• U.S.

Business: Field from Glore

3 minute read
TIME

On Sept. 28, 1943 Marshall Field III will be 50. When that day comes the handsome, affable grandson of Chicago’s greatest merchant will inherit the bulk of the $140,000,000 fortune his grandfather founded in drygoods and grounded in real estate. But Marshall Field III will not have to wait nine years to become a millionaire because he was 40 times a millionaire when he was a schoolboy. Since then bright, popular, progressive Marshall III has done many things of which frosty old Grandfather Field, who stuck to store-keeping and detested sidelines, would not have approved.

Chicagoans first began to like Marshall III in 1917 when, after spending most of his youth at Eton and Cambridge, he returned to enlist as a buck private in the U. S. Army. They liked him even more when he returned from France a cavalry captain and, despite unlimited capital and numerous business opportunities, went to work as a bond salesman and bookkeeper’s apprentice at Lee, Higginson & Co. Later Salesman Field opened an investment business of his own and still later joined forces with two young investment bankers named Charles F. Glore and Pierce C. Ward. By 1926 the firm of Marshall Field, Glore, Ward & Co. had become Field, Glore & Co. and Marshall Field had deserted Chicago for New York to plunge into a bewildering array of social activities.

He bought a 2,000-acre estate at Lloyd’s Neck on Long Island. There he built a magnificent Georgian mansion overlooking Long Island Sound, a Georgian stable embellished with scrollwork, numerous cottages and barns, a 20-car garage, a power plant. He collected paintings. He kept prize Guernsey cows. He contributed to the Republican Party. He became a director of Columbia Gas & Electric Corp. and a dozen other companies. He helped support the Field Museum in Chicago. His grandfather’s estate, of which he is one of the trustees, spent $4,000,000 building low-cost apartments on Chicago’s Blackhawk Street.

In 1930 his first wife divorced him in Reno. He gave her a $1,000,000-a-year income and custody of their three children. Two weeks later Marshall Field married Mrs. Audrey James Coats, socialite god-daughter of King Edward VII, widow of a British Army captain. Last October she, too, flew to Reno. That same week the wifeless multimillionaire gallantly shouldered the responsibility for topnotch U. S. music by accepting the presidency of the New York Philharmonic-Symphony, personally contributed large sums to its deflated exchequer. Marshall Field was active in the management of his grandfather’s store only when he sat down to board meetings as a director. If he could be said to work for a living at all, that work was done at Field, Glore & Co.
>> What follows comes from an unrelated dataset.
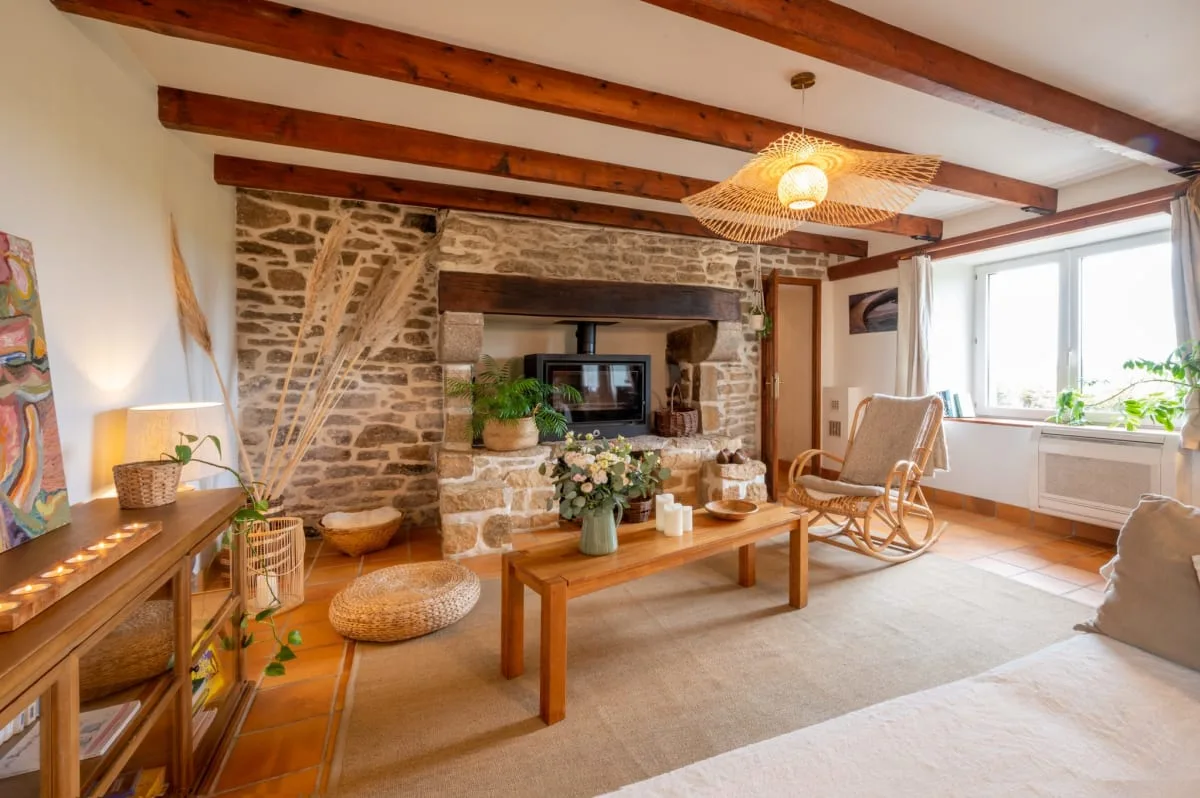 Séjour spacieux avec cheminée en pierre apparente, poutres en bois et mobilier moderne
Suddenly last week Banker Field announced that he would withdraw from Field, Glore, retire from investment banking this month. When a friend telephoned to ask whether the threat of increased taxes had influenced his decision. Banker Field replied: “Well, what would you do if you were in my position?” To others he explained that he was leaving to devote more time to his “many outside activities.” Field, Glore & Co. will continue to use Banker Field’s name, will be managed chiefly by Partner Glore.